Required action
When you write out the listing, keep each word exactly as it stands but include none of its images.

Available data
■ ■ ■
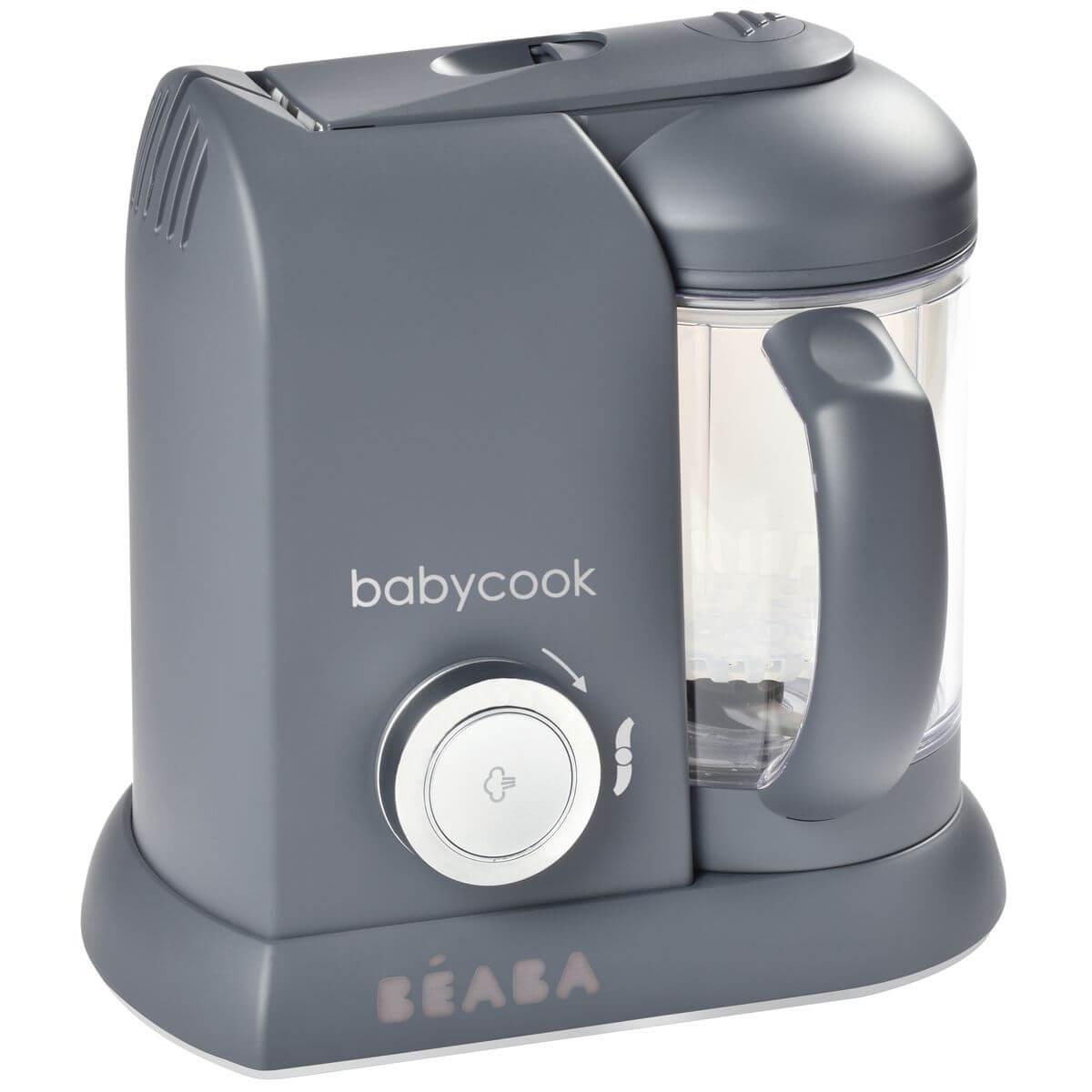 Cuiseur vapeur BABYCOOK Beaba Solo Grey Dark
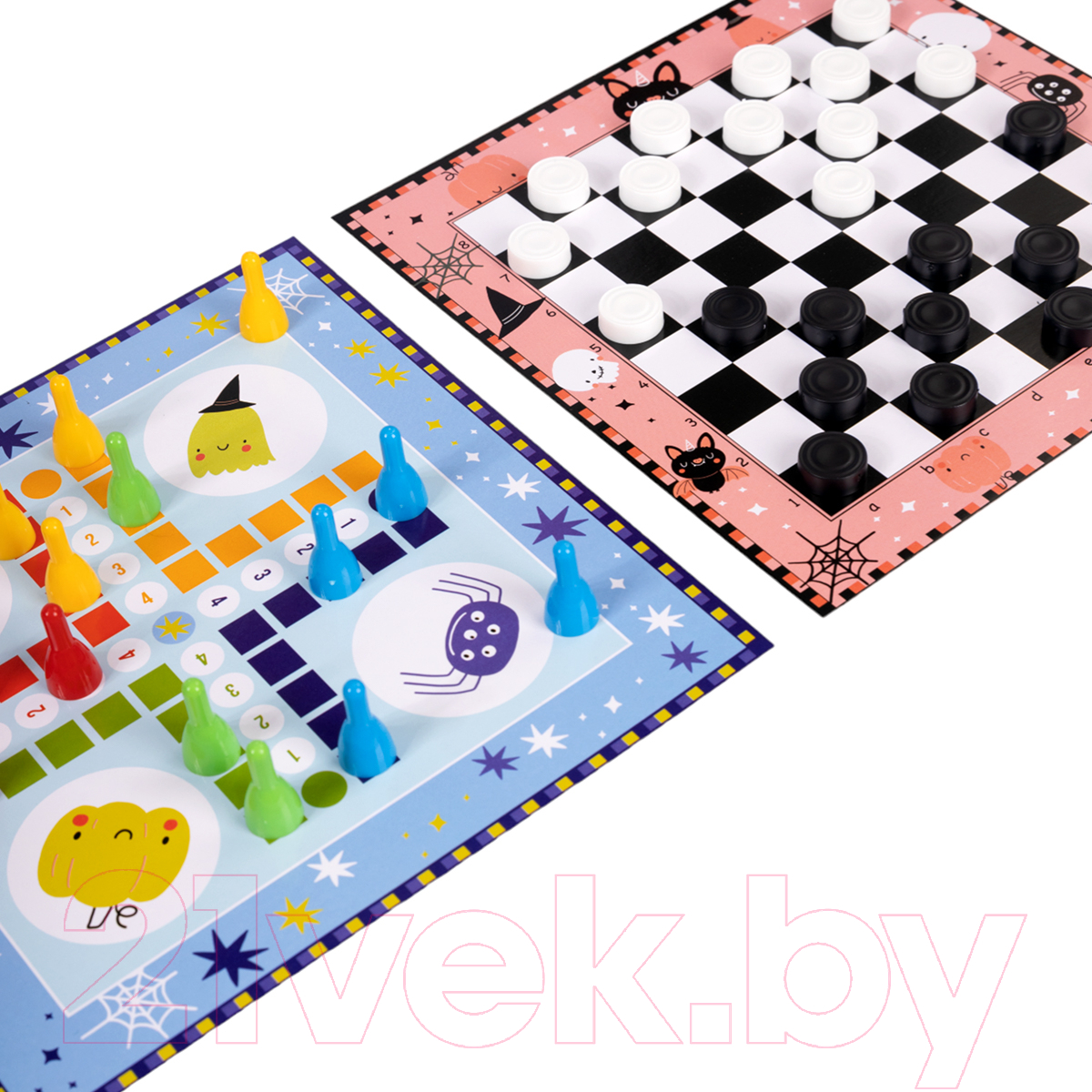 Настольная игра Десятое королевство 50 игр для всей семьи / 04921 — фото 6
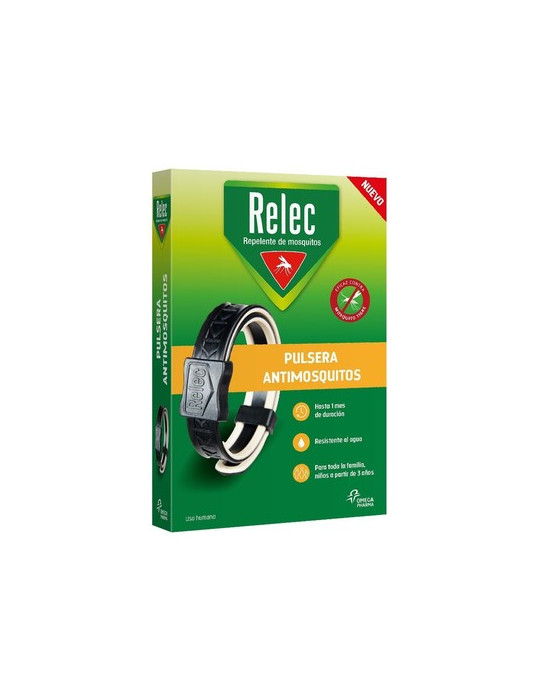 RELEC PULSERA AROMATICA 1 UNIDAD FAMILIA NEGRA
■ ■ ■
Response
 Cuiseur vapeur BABYCOOK Beaba Solo Grey Dark
 Настольная игра Десятое королевство 50 игр для всей семьи / 04921 — фото 6
 RELEC PULSERA AROMATICA 1 UNIDAD FAMILIA NEGRA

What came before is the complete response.